Conceptos Básicos
GazePointAR is a context-aware multimodal voice assistant for wearable augmented reality that leverages eye gaze, pointing gestures, and conversation history to disambiguate speech queries containing pronouns.
Resumen
The paper introduces GazePointAR, a fully-functional context-aware voice assistant (VA) for wearable augmented reality (AR) that uses eye gaze, pointing gestures, and conversation history to disambiguate speech queries containing pronouns.
Key highlights:
- GazePointAR analyzes the user's field-of-view using computer vision to extract objects, text, and faces, and replaces pronouns in the user's query with a coherent phrase describing the referent.
- The authors conducted a three-part lab study with 12 participants to evaluate GazePointAR. In Part 1, they compared GazePointAR to two commercial query systems (Google Voice Assistant and Google Lens). In Part 2, they examined GazePointAR's performance across various context-dependent tasks. In Part 3, participants brainstormed and tried their own context-sensitive queries.
- Participants appreciated GazePointAR's simplicity, naturalness, and human-like interaction, often preferring to use pronouns over full descriptions. However, they also noted limitations such as only capturing gaze data once, inability to handle multiple pronouns, and object recognition errors.

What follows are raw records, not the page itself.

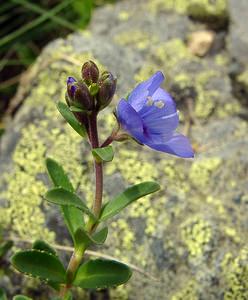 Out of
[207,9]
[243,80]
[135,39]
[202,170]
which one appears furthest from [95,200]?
[207,9]

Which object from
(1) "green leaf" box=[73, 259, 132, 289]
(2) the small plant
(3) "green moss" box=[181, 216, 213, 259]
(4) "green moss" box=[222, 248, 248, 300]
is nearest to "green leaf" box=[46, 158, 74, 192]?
(2) the small plant

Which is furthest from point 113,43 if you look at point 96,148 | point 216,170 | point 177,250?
point 96,148

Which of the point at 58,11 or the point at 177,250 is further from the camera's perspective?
the point at 58,11

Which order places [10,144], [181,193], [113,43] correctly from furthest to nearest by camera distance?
[113,43], [10,144], [181,193]

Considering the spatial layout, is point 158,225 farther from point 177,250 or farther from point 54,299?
point 54,299

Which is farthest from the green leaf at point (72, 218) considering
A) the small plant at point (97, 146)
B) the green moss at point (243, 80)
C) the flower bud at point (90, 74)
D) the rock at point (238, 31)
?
the rock at point (238, 31)

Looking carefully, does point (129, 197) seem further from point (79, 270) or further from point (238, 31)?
point (238, 31)
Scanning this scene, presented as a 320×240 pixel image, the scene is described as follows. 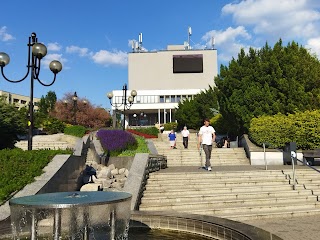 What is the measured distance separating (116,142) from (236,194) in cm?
938

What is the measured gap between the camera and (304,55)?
24281 mm

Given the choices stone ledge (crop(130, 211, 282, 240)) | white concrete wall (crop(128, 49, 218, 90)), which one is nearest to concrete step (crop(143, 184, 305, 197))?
stone ledge (crop(130, 211, 282, 240))

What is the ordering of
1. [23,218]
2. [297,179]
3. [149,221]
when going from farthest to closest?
1. [297,179]
2. [149,221]
3. [23,218]

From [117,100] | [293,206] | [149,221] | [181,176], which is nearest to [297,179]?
[293,206]

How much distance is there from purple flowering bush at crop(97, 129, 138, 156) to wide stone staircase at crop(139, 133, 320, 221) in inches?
250

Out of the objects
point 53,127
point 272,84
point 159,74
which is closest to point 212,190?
point 272,84

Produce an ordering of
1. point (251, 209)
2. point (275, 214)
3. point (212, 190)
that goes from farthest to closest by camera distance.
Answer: point (212, 190)
point (251, 209)
point (275, 214)

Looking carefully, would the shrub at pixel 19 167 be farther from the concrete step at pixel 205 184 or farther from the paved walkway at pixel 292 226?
the concrete step at pixel 205 184

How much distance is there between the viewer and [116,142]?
18.4 m

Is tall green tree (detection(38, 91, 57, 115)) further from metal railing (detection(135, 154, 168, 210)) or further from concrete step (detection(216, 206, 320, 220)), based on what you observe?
concrete step (detection(216, 206, 320, 220))

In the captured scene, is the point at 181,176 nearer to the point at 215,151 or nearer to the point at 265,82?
the point at 215,151

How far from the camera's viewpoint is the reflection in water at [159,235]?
21.7ft

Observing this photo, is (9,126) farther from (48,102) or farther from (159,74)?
(159,74)

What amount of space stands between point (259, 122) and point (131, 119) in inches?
1808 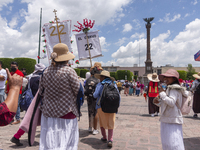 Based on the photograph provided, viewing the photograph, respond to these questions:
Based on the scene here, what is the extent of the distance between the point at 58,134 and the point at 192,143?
327 centimetres

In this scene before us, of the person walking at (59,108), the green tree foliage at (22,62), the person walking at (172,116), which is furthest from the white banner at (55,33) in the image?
the green tree foliage at (22,62)

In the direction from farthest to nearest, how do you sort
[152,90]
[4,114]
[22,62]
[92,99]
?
[22,62] → [152,90] → [92,99] → [4,114]

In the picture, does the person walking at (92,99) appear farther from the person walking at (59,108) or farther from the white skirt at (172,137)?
the white skirt at (172,137)

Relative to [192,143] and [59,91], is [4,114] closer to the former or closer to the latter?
[59,91]

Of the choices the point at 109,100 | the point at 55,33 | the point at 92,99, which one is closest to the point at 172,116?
the point at 109,100

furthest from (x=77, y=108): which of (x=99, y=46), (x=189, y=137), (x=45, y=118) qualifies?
(x=99, y=46)

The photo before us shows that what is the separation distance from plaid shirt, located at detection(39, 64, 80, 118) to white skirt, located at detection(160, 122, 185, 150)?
1453 mm

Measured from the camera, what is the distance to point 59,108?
97.7 inches

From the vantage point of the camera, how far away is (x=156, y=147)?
12.4 ft

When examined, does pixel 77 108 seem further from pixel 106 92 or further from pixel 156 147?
pixel 156 147

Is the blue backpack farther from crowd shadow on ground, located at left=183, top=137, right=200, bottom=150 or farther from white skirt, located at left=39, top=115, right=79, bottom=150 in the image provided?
crowd shadow on ground, located at left=183, top=137, right=200, bottom=150

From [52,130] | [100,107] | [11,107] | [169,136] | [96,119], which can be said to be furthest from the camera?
[96,119]

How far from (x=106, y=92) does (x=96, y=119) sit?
1.40 metres

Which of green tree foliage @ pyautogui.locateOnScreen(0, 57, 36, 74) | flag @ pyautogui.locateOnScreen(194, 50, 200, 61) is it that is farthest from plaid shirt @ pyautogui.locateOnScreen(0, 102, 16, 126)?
green tree foliage @ pyautogui.locateOnScreen(0, 57, 36, 74) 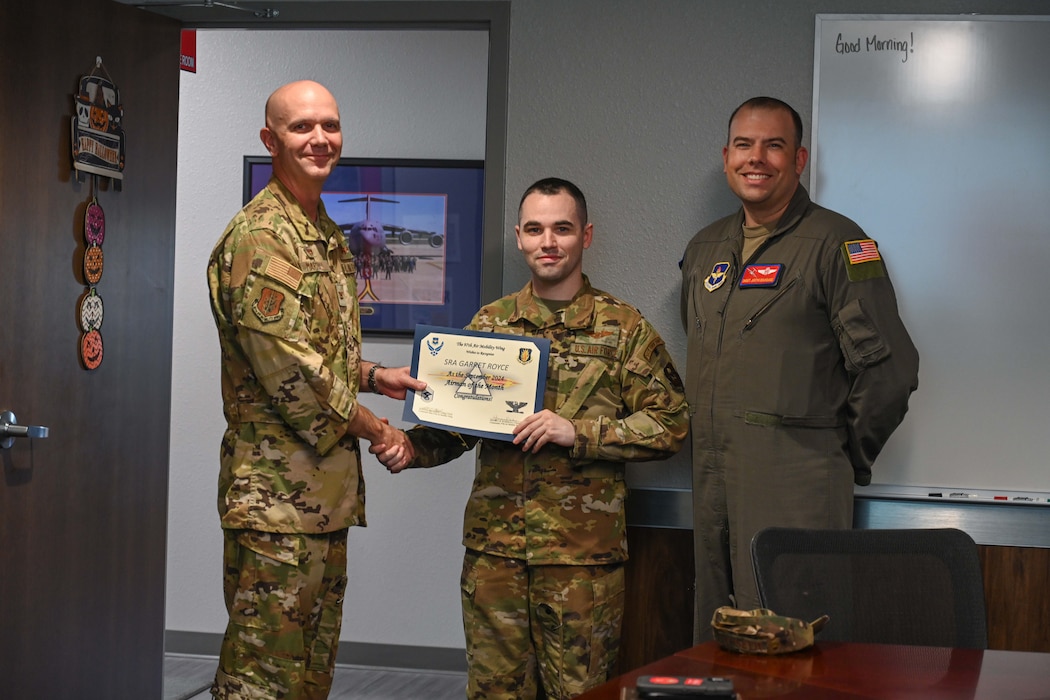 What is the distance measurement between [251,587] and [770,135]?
5.66ft

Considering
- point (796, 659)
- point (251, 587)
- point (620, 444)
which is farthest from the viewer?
point (620, 444)

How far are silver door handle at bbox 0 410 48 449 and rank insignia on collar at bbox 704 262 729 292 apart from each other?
1.75 meters

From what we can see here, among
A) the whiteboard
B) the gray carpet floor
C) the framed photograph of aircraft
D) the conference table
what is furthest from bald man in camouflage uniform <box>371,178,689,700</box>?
the framed photograph of aircraft

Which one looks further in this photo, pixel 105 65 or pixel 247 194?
pixel 247 194

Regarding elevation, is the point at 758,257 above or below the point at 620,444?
above

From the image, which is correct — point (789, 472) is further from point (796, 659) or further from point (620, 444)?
point (796, 659)

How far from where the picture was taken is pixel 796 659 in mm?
1591

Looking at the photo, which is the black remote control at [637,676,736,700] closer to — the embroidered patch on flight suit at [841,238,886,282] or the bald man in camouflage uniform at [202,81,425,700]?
the bald man in camouflage uniform at [202,81,425,700]

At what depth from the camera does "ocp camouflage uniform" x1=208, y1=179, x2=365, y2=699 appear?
2.53 metres

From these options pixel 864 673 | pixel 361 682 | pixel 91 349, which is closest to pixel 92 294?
pixel 91 349

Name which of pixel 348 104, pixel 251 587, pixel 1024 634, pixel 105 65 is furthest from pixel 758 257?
pixel 348 104

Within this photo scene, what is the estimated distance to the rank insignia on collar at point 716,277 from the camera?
9.38 ft

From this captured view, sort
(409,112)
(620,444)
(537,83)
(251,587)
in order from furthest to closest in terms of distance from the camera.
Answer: (409,112) < (537,83) < (620,444) < (251,587)

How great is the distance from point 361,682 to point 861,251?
8.86 ft
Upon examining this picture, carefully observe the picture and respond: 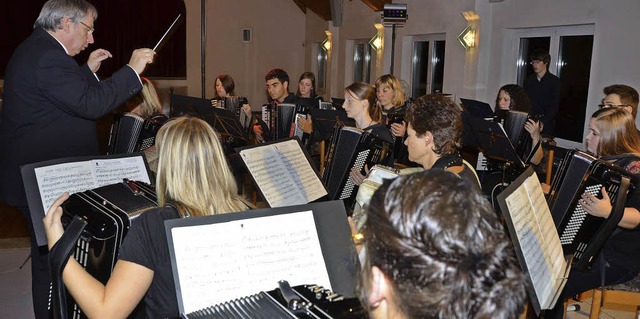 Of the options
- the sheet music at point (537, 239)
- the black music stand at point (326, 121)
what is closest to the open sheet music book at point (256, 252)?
the sheet music at point (537, 239)

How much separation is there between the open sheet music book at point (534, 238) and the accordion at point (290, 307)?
2.61 feet

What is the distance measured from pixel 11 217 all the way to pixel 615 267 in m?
5.40

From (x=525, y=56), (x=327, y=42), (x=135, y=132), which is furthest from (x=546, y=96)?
(x=327, y=42)

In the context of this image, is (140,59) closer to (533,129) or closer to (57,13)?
(57,13)

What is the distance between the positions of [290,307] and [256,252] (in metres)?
0.47

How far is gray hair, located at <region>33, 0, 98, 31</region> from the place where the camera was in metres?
2.76

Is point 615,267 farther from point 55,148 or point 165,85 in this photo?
point 165,85

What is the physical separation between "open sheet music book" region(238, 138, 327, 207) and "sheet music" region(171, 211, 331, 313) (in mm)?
1334

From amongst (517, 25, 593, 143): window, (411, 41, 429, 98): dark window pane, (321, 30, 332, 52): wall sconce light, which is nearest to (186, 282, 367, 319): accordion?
(517, 25, 593, 143): window

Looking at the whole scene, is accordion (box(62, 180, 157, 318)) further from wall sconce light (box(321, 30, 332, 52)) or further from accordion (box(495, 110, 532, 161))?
wall sconce light (box(321, 30, 332, 52))

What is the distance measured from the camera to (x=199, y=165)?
6.72ft

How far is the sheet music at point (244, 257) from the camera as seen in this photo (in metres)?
1.64

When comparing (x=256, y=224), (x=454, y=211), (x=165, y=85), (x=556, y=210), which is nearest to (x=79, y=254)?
(x=256, y=224)

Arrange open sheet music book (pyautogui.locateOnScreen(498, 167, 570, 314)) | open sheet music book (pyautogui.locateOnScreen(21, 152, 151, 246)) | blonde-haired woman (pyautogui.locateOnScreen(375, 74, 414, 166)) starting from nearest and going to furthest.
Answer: open sheet music book (pyautogui.locateOnScreen(498, 167, 570, 314)) < open sheet music book (pyautogui.locateOnScreen(21, 152, 151, 246)) < blonde-haired woman (pyautogui.locateOnScreen(375, 74, 414, 166)) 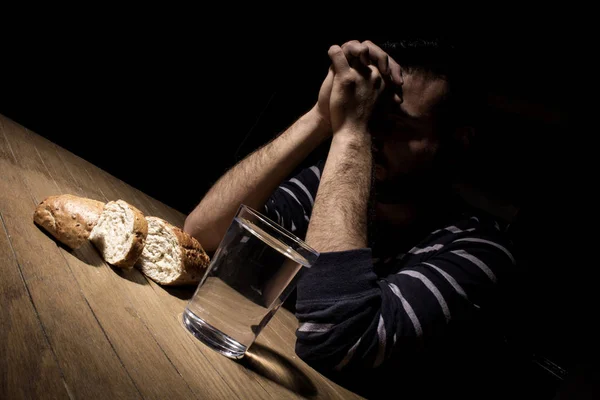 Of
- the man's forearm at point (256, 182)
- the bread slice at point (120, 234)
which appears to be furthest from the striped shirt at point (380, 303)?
the man's forearm at point (256, 182)

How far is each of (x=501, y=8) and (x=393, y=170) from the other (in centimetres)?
183

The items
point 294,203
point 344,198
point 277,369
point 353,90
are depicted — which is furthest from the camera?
point 294,203

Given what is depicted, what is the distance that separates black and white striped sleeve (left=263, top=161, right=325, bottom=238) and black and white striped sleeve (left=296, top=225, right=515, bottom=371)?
0.79 m

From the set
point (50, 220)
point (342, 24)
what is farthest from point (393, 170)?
point (342, 24)

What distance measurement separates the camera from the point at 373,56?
4.75 feet

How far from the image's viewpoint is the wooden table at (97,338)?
1.72ft

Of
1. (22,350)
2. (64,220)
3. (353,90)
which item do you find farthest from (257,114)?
(22,350)

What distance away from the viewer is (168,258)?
109 centimetres

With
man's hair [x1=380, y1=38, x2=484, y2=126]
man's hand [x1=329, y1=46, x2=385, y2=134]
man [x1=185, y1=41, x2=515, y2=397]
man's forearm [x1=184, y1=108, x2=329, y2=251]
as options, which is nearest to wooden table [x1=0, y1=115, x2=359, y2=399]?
man [x1=185, y1=41, x2=515, y2=397]

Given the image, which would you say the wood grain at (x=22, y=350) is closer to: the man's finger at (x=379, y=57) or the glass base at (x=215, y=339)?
the glass base at (x=215, y=339)

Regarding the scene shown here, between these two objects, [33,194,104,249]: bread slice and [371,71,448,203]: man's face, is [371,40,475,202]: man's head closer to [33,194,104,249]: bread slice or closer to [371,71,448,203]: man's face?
[371,71,448,203]: man's face

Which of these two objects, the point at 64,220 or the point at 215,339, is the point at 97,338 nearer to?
the point at 215,339

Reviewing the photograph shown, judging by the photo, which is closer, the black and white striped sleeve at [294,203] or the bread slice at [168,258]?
the bread slice at [168,258]

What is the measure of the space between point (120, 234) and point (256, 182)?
0.70 m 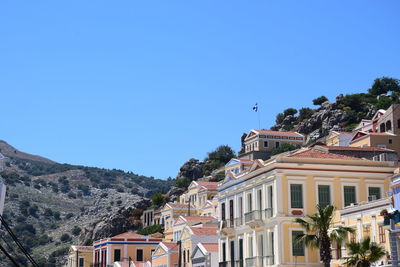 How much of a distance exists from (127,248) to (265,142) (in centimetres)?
5175

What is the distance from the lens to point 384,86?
167000 millimetres

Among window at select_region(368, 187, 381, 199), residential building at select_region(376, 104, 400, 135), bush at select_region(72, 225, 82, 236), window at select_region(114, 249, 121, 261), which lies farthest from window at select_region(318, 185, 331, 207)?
bush at select_region(72, 225, 82, 236)

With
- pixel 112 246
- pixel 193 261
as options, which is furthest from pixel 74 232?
pixel 193 261

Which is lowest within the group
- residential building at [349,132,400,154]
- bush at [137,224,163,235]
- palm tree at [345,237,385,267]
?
palm tree at [345,237,385,267]

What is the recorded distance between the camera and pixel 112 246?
89.1 metres

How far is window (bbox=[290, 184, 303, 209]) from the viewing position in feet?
164

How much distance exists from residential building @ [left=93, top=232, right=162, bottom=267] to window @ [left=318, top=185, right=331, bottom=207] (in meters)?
42.1

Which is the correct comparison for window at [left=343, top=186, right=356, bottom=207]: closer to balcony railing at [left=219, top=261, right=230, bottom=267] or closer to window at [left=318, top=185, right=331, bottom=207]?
window at [left=318, top=185, right=331, bottom=207]

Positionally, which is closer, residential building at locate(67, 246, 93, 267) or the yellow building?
the yellow building

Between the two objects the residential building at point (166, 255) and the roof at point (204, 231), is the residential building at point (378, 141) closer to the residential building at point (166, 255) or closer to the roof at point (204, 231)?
the roof at point (204, 231)

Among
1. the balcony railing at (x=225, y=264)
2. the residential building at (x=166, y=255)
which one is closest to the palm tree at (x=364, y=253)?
the balcony railing at (x=225, y=264)

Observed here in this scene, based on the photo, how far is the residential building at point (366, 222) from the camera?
136 ft

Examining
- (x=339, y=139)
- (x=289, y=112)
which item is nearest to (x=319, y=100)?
(x=289, y=112)

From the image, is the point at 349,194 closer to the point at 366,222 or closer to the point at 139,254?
the point at 366,222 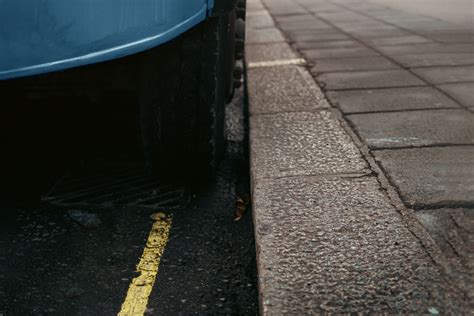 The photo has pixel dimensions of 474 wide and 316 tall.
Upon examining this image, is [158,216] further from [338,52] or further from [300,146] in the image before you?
[338,52]

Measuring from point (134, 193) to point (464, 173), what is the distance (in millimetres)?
1231

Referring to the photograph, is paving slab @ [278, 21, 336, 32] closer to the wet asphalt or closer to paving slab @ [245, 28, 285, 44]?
paving slab @ [245, 28, 285, 44]

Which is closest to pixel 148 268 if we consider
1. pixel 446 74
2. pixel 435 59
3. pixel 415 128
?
pixel 415 128

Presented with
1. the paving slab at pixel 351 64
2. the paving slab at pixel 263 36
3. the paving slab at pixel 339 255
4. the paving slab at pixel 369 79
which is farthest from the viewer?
the paving slab at pixel 263 36

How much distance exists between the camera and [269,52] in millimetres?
5094

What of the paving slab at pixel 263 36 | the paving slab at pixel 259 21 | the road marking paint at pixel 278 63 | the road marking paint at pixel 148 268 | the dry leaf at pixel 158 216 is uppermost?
the road marking paint at pixel 278 63

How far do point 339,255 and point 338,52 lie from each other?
3.64 m

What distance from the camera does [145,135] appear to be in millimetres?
2160

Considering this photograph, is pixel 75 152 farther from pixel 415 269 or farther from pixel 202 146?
pixel 415 269

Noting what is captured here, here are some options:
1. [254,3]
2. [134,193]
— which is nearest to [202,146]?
[134,193]

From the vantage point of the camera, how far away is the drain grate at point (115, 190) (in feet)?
7.38

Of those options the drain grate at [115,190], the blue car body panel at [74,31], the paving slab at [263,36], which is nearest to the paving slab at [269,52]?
the paving slab at [263,36]

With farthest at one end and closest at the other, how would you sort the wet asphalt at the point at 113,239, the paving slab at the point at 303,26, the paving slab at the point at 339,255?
the paving slab at the point at 303,26
the wet asphalt at the point at 113,239
the paving slab at the point at 339,255

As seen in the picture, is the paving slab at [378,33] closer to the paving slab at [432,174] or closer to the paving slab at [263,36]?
the paving slab at [263,36] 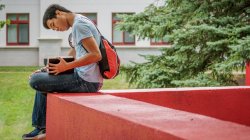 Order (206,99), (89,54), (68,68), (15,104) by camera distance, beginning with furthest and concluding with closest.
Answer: (15,104)
(206,99)
(68,68)
(89,54)

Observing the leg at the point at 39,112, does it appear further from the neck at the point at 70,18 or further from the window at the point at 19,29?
the window at the point at 19,29

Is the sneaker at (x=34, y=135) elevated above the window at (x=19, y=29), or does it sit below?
below

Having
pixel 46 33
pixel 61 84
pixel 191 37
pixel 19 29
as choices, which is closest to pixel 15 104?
pixel 191 37

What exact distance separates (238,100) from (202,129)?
3.52 meters

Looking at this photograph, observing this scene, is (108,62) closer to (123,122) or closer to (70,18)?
(70,18)

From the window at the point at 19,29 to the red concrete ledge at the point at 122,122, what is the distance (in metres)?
26.7

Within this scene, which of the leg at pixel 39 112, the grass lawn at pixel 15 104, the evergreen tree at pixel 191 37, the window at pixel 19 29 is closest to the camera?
the leg at pixel 39 112

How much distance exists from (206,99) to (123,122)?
2.80m

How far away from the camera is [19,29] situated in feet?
103

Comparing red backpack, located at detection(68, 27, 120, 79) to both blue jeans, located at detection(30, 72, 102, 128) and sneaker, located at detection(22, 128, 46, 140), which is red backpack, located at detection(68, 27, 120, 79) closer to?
blue jeans, located at detection(30, 72, 102, 128)

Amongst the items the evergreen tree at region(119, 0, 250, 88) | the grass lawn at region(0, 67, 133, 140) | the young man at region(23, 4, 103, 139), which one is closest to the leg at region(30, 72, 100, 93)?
the young man at region(23, 4, 103, 139)

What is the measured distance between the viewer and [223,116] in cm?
617

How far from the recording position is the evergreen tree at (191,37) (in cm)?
918

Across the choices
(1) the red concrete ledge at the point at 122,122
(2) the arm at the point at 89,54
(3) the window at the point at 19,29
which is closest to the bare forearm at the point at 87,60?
(2) the arm at the point at 89,54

- Informed by the lab study, the authors created an improved GazePointAR prototype and conducted a first-person diary study, where the first author used GazePointAR in daily life for 5 days.
Estadísticas
"72% of respondents indicated that they use voice assistants for tasks such as playing music, setting timers, controlling IoT devices, and managing shopping lists."
"Over one-third of 1,068 dialogue turns contained referential occurrences of pronouns "it" and "that"."
Citas
"When speaking to GazePointAR, I am giving it a voice input while also interacting with the product that I am talking about. Perceptually, this is the most natural way of speaking, which is why we do this when talking to other people as well."
"If you're pointing at something, you have to use your hand. This implies that you still have use of your hands during some tasks. Also, because the jar is so close, the system shouldn't need pointing to tell what I'm talking about."
"although I use voice assistants almost every day to play music or something, I now realize that many things I look at are difficult to clearly describe in text... since with this people can now input their environment easily, I think it will make speaking to voice assistants easier in many everyday activities."